Question

The fair coin is tossed simultaneously. If ‘tail’ appears on the first four tosses then find the probability of the head that will be appearing on the fifth toss.
(a)$\dfrac{1}{1}$
(b)$\dfrac{1}{3}$
(c)$\dfrac{1}{2}$
(d)$\dfrac{2}{5}$

Answer 1

Hint: The given problem revolves around the concepts of probability. So, we will use the definition of probability for each iteration/s for a given number of outcomes. The probability of an event A is denoted by ‘P(A)’ and the basic formula of finding probability is $P(A) = \dfrac{{n(s)}}{{n(A)}}$ , where n(s) denotes the favorable outcomes and n(A) denotes the total number of outcomes for an respective event.

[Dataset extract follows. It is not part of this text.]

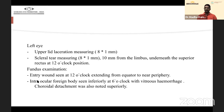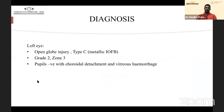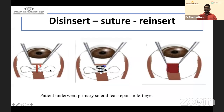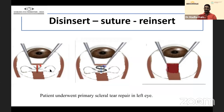Diagnosis: open globe injury type C (metallic foreign body), grade 2, zone 3, pupil negative, with choroidal detachment and vitreous hemorrhage. Because the tear was larger than in case 1, the plan was a two-step surgery. The patient underwent primary scleral tear repair. The superior rectus was isolated, sutures were taken, and the muscle was disinserted to expose the extent of the scleral tear.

Complete step by step answer:
Since, the coin is fair, both the outcomes that are possibilities (‘head’ and ‘tails’) are equally probable; the probability of ‘heads’ is equally authorized with probability of getting ‘tails’ (where no other possibilities are possible in this case particularly).
Hence, probability of getting ‘head’ is $ = \dfrac{1}{2}$ and that of Probability of getting ‘tail’ is $ = \dfrac{1}{2}$ respectively (that it shows the $50\% $ of possibility of both the outcomes or also written as $ = 0.5$).
Where, $\text{Probability} = \dfrac{{{\text{ number of favourable outcomes}}}}{{{\text{total number of outcomes in the event}}}}$ (here, number of outcomes is $1$ and total outcomes in the event is $1$)
Now, we are given that ‘tail’ appears on the first four tosses. We know that the probability of getting a tail on a coin toss is equal to half.
That is, at first iteration, \[P_1 = \dfrac{1}{2}\]
At second iteration, \[P_2 = \dfrac{1}{2}\]
At third iteration, \[P_3 = \dfrac{1}{2}\]
And, at fourth iteration, \[P_4 = \dfrac{1}{2}\]
As a result, we can say that the events of ‘heads’ to that of ‘tail’ are independent of the required outcome.
So, it seems to be similar with the ‘tails’ outcome that the ‘heads’ outcome will also have equal probability at any iteration of the event being sampled (as asked in the question)
$\therefore $ The probability of getting ‘head’ for fifth time is $ = \dfrac{1}{2}$ respectively. The correct option is option (c).

Note:
One should know the basic formula of probability while solving a question. We should also know the concepts of independent events and that their probabilities are not affected by each other’s occurrences. We should take care of the calculations so as to be sure of our final answer. Also, we should know that the sum of probabilities of all the possible events in a situation is one. That’s why, the sum of getting heads and tails on tossing a coin is one.